I am one of these last, in that I believe fluency with multiple spoken languages will continue to be important, and that multimedia, interactivity, and other game-derived devices will be increasingly significant tools for communicating twenty-first-century thought. Nonetheless, I firmly believe that the true key literacy of the new century lies outside all these domains.
I believe the single skill that will, above all others, distinguish a literate person is programming literacy, the ability to make digital technology do whatever, within the possible one wants it to do -- to bend digital technology to one's needs, purposes, and will, just as in the present we bend words and images. Some call this skill human-machine interaction; some call it procedural literacy. Others just call it programming.

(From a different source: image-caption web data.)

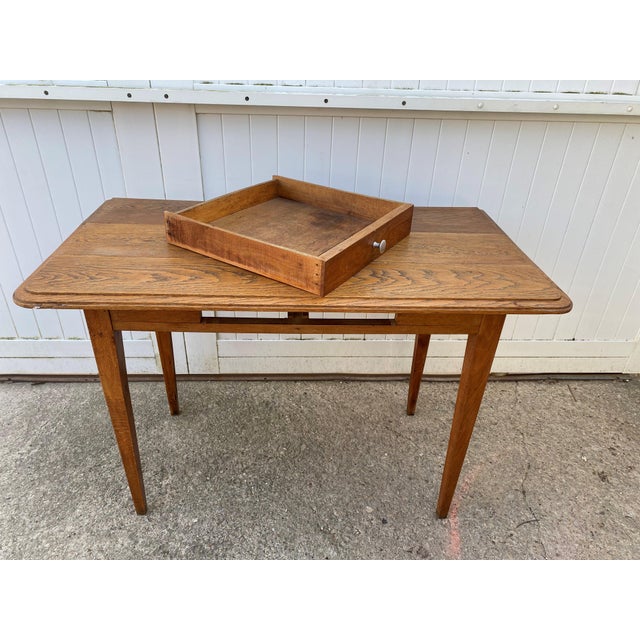Desk Table with 1 Drawer Oak Top 105x56cm, 1930s For Sale - Image 6 of 18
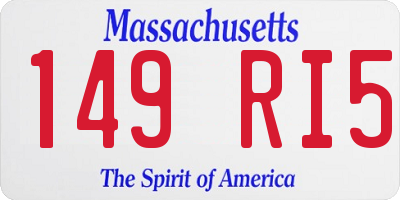 MA license plate 149RI5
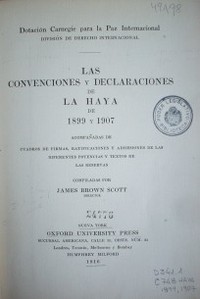 The Hague peace conferences of 1899 and 1907 : a series of lectures delivered before the Johns Hopkins University in the year 1908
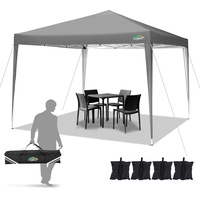 COBIZI Pavillon 3x3m Wasserdicht Pop Up Pavillon 3x3 faltbar Faltpavillon Partyzelt(Grau,3x3m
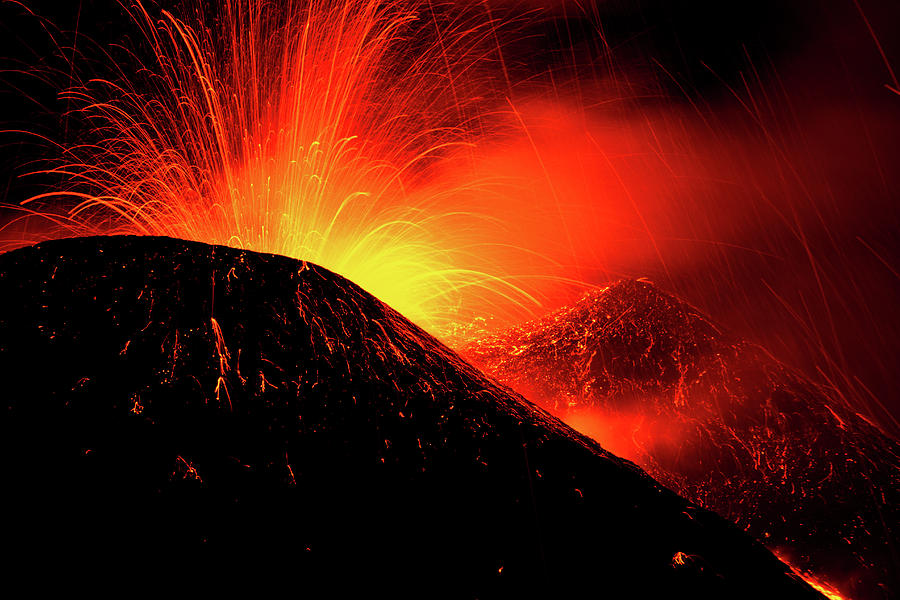 Nature Photograph - Eruption By Night by Simone Genovese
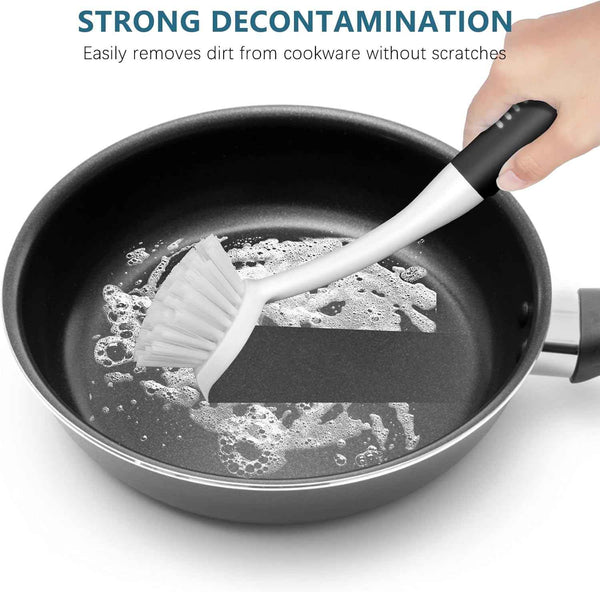 SetSail Dish Brush Set of 3 with Bottle Brush, Dish Scrub Brush with Long Handle Deep Cleaning Handle Brush with Scraper Tip for Kitchen Sink Dishes Bottle Cup Pot and Pans Tile Lines, Black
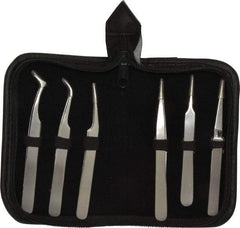 Value Collection - Stainless Steel Tweezer Set - 6 Piece - Industrial Tool & Supply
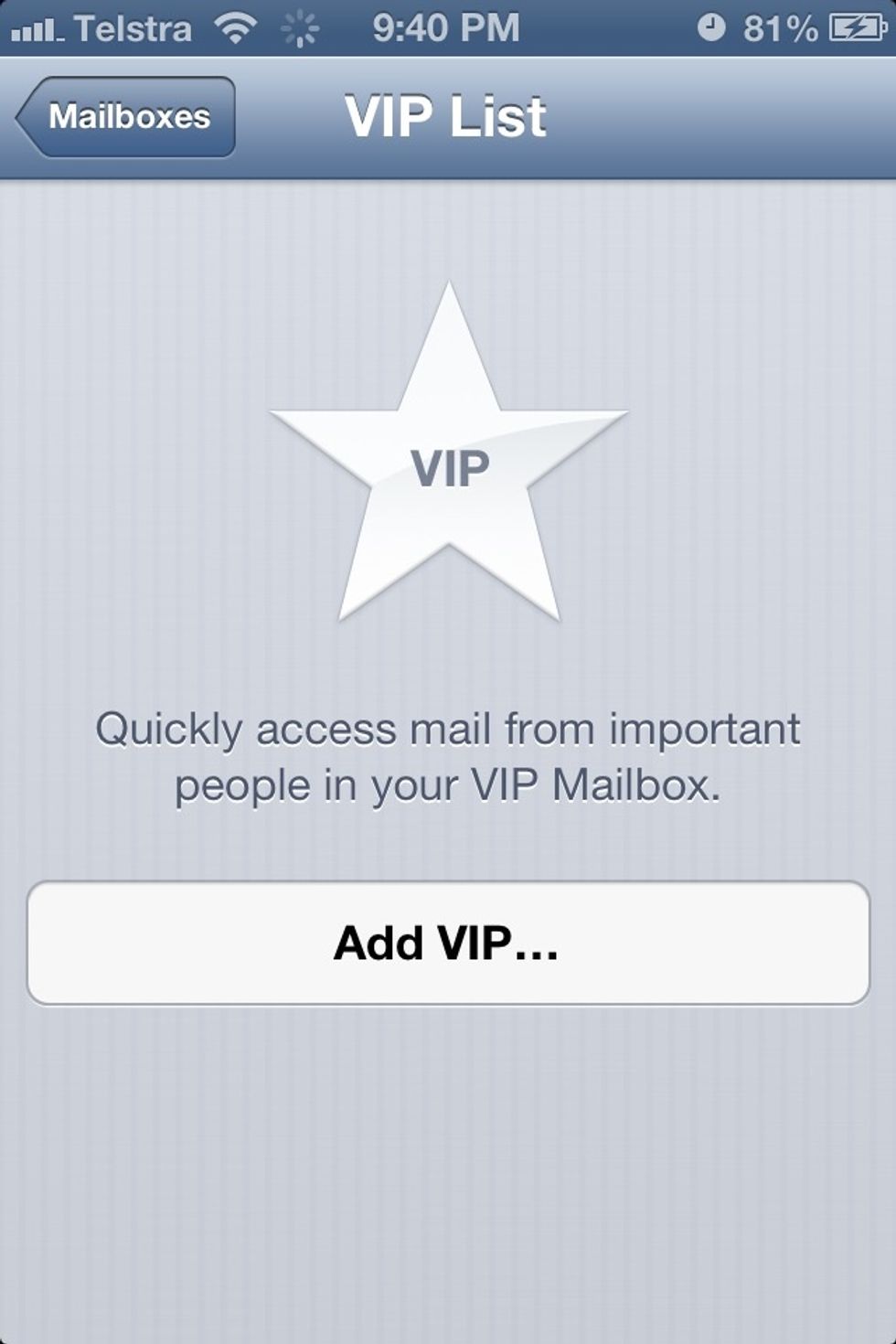 To set up simply open Email> then select VIP> then select Add VIP>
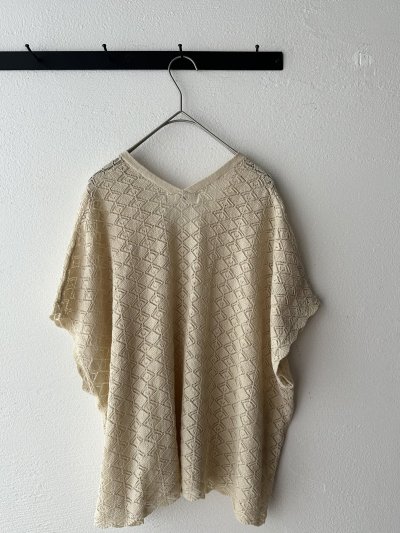 画像8: grin コットンレースニット ポンチョベスト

Seem strange? I'm sure it does. Today, people with highly developed skills in this area are seen as nerds. But consider that as machines become even more important components of our communication, our work, our education, our travel, our homes, and our leisure, the ability to make them do what we want will become increasingly valuable. Already, today, a former programmer in Seattle, one of these very nerds, is one of the richest people in the world.
So, in a sense, we are going to see as we progress through the twenty-first century a real revenge of the nerds, except that the new nerds will be our programmatically literate children. As programming becomes more important, it will leave the back room and become a key skill and attribute of our top intellectual and social classes, just as reading and writing did in the past. Remember, only a few centuries ago, reading and writing were confined to a small specialist class whose members we called scribes.
Do You HTML?
One might ask, "Will every educated person really have to program? Can't the people who need programming just buy it?" Possibly. Of course, with that model, we have in a sense returned to the Middle Ages or ancient Egypt, or even before. Then, if you needed to communicate your thoughts on paper, you couldn't do it yourself. You had to hire a better-educated person -- a scribe -- who knew the writing code. Then, at the other end, you needed someone to read or decode it -- unless, of course, you were "well educated," that is, you had been taught to read and write and thus had become literate.

Classified Ad:
Electronic Arts, the world’s biggest video game company, recently created this billboard advertisement written in a programming language. Can you read it? (It says, "Now Hiring.")
Credit: Marc Prensky
Here's a key question: Will the need for a separate scribe tribe of programmers continue through the twenty-first century, or will the skill set of an educated person soon include programming fluency? I think that as programming becomes increasingly easy (which it will) and as the need to show rather than explain becomes important (which it will) and as people working together want to combine the results of their efforts and ideas instantaneously (which they will), educated people will, out of necessity, become programmers. Think of it: Your phone and car already require programming skills; many houses and jobs do, too. Programming will soon be how we interact with all our objects, and I believe it will be an important component of how we interact with one another as well.
Of course, there are already Luddites who think a digital machine is most elegant if it has only one button (like the Roomba robot floor cleaner) and people who keep searching for a cell phone that only makes phone calls. (Good luck.) There is a hierarchy of levels of making machines do what you want (that is, programming them) that runs from manipulating a single on-off switch to managing menus, options, and customization to coding higher-level programming languages (Flash, HTML, scripting) and lower-level languages (C++, Java) to creating assembler or machine language.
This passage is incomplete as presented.